For these records, count the lines containing the word "Renovated" and respond with the number alone.

==== Material for the task

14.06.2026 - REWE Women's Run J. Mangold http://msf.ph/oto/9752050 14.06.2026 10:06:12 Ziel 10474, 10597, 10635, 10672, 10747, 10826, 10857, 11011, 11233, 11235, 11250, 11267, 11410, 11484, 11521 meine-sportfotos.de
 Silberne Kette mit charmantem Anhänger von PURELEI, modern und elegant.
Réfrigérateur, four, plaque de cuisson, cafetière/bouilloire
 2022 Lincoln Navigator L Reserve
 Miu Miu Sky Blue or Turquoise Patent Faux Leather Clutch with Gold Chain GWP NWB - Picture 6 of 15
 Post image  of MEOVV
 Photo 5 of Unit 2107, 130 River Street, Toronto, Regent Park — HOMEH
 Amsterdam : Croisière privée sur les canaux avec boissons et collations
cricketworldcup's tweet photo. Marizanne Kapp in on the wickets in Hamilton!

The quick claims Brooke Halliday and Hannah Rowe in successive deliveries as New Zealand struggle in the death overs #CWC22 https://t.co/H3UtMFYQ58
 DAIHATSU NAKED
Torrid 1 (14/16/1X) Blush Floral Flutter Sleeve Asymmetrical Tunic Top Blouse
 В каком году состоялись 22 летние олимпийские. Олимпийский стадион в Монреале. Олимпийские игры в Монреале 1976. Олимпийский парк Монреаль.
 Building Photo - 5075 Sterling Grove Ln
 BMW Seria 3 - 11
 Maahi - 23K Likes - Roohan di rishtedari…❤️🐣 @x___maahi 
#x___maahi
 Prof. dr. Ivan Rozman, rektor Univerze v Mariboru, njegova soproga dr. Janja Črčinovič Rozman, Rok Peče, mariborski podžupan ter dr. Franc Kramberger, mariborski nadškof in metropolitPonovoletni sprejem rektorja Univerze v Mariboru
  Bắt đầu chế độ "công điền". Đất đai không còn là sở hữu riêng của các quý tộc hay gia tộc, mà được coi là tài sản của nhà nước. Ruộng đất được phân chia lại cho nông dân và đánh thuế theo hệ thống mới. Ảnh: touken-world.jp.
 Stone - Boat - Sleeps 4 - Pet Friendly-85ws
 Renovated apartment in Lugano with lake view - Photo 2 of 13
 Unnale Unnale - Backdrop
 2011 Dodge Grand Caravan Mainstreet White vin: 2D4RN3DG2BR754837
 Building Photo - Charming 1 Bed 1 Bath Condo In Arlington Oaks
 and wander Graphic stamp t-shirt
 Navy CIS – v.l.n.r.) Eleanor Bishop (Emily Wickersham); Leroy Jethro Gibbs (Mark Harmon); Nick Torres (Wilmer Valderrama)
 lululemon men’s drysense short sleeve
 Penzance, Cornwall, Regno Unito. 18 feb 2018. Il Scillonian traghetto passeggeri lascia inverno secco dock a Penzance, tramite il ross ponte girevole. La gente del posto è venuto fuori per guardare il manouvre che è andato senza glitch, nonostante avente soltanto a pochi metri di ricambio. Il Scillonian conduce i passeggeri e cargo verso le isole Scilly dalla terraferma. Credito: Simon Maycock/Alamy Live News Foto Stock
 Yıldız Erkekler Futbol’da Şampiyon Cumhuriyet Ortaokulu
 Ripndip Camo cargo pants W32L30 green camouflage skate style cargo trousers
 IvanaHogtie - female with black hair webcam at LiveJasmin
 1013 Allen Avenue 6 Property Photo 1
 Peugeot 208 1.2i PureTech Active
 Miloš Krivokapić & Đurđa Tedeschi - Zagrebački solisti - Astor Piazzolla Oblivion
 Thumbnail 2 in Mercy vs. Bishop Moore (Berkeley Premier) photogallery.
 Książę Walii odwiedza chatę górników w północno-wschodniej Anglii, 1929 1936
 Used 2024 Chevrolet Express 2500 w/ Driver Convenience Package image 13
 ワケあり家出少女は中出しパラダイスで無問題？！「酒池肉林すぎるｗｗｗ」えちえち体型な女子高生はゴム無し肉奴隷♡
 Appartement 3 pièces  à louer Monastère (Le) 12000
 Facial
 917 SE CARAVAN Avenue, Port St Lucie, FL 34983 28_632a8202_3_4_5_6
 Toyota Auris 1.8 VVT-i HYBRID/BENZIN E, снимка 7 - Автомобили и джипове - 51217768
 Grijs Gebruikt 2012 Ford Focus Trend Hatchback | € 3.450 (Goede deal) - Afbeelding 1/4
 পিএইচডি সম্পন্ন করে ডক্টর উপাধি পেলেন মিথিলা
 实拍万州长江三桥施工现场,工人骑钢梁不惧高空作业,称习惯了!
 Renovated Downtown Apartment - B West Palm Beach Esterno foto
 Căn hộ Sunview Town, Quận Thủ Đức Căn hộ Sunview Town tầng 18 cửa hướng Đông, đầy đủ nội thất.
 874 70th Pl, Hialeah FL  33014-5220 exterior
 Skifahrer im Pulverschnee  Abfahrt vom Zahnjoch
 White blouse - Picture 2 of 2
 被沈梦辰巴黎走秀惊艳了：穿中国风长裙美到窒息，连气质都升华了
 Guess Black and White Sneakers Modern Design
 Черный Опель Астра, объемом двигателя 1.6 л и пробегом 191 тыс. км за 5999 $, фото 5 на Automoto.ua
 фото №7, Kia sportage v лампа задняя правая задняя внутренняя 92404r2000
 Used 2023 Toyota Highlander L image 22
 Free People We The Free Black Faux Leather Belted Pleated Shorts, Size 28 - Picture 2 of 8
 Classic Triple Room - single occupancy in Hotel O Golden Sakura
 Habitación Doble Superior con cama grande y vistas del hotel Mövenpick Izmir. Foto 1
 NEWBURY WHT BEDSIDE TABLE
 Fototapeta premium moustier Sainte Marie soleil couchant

========

**Task response**
2